Errores.

Nunca me ha gustado corregir los errores en los cuadernos. Sé que los fallos en los problemas, en la sintaxis, y en algo tan básico como la ortografía están mal, pero a pesar de escribir con boli rojo encima del tipex todavía húmedo, en mi interior surge una vocecilla diminuta que no está muy segura de lo que hace.

Todo el mundo comete errores, somos humanos, y es estúpido e incoherente ese afán que tenemos por demostrar lo contrario. Llegar a la perfección no lo es todo. Existe belleza en un tachón, armonía en el caos y orden en el desorden, aunque apenas lo podamos percibir.

Si cometemos errores es por algo, y una parte de mí se niega a borrar cualquier huella de equivocación. Hay una razón para cada fallo, aunque solo sea porque con ellos aprendemos. No hay que avergonzarse, al contrario, deberíamos exhibir sin vergüenza y con orgullo nuestros pequeños (y no tan pequeños) errores. Tendríamos que restregárselo al de al lado, con una mirada de «yo he aprendido algo nuevo».

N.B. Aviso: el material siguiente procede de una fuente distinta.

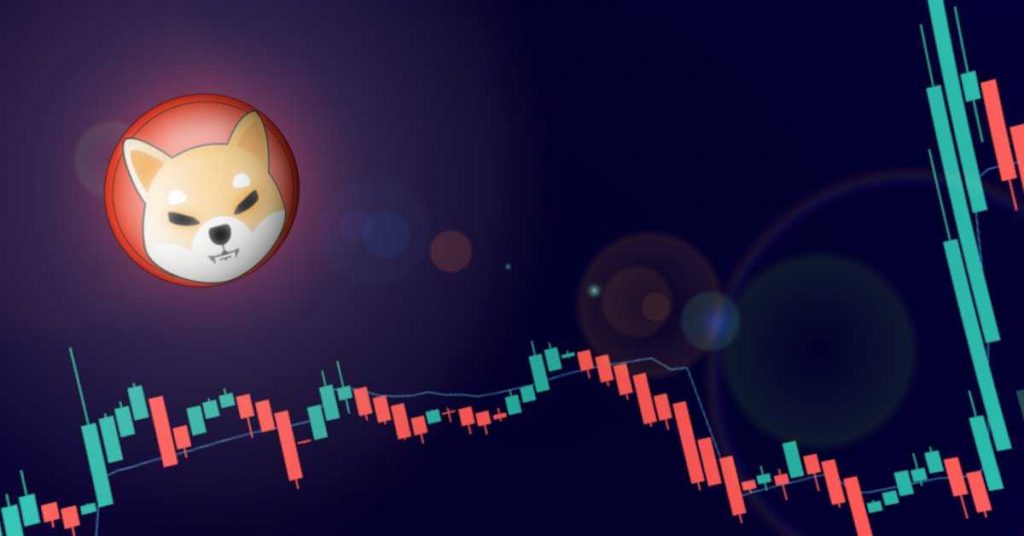 Shiba Inu, ilk 1000 Ethereum cüzdanının en çok işlem gerçekleştirdiği altcoin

Porque corregir nuestros propios fallos implica que somos conscientes de que poco a poco nos estamos mejorando a nosotros mismos. Que estamos en el camino correcto hacia el éxito.

Y si nunca te has equivocado, si jamás te has dado cuenta tras una violenta discusión de que no tenías razón, no podrás descubrir el hermoso sentimiento de satisfacción que produce ver que has hecho algo bien.

Sin errores, no pueden existir respuestas correctas. Son tan necesarios como cualquier otra cosa,  no te fíes de aquellos que intentan ocultarlos a toda costa.